Listed records ▸
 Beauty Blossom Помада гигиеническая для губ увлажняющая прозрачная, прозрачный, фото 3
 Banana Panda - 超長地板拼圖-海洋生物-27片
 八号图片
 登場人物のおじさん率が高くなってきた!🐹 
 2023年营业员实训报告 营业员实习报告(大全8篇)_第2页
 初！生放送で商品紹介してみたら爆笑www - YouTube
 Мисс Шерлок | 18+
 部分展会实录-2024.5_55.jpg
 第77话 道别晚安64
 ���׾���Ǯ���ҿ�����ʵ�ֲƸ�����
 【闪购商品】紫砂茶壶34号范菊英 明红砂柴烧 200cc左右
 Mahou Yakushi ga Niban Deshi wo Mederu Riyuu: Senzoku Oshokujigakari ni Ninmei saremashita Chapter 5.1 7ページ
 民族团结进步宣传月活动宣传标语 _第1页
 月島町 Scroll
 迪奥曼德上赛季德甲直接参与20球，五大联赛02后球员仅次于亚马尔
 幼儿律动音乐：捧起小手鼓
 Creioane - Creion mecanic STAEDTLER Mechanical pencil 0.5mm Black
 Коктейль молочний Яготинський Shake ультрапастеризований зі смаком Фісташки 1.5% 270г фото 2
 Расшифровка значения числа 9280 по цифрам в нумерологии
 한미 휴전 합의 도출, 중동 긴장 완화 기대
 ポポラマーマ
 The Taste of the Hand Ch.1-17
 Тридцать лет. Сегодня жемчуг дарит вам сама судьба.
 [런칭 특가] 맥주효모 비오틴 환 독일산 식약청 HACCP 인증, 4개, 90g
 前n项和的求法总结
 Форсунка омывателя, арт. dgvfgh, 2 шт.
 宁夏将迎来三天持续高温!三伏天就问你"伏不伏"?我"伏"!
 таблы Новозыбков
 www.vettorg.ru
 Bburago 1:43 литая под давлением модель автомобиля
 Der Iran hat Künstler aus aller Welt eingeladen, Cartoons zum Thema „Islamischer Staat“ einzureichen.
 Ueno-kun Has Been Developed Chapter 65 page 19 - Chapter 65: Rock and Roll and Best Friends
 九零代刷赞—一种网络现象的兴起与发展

What you should do ▸ Could you repeat exactly the lines in the listing above from the one with "Форсунка омывателя, арт. dgvfgh, 2 шт." down to the one with "Der Iran hat"? Include both of those lines.

Your response ▸
 Форсунка омывателя, арт. dgvfgh, 2 шт.
 宁夏将迎来三天持续高温!三伏天就问你"伏不伏"?我"伏"!
 таблы Новозыбков
 www.vettorg.ru
 Bburago 1:43 литая под давлением модель автомобиля
 Der Iran hat Künstler aus aller Welt eingeladen, Cartoons zum Thema „Islamischer Staat“ einzureichen.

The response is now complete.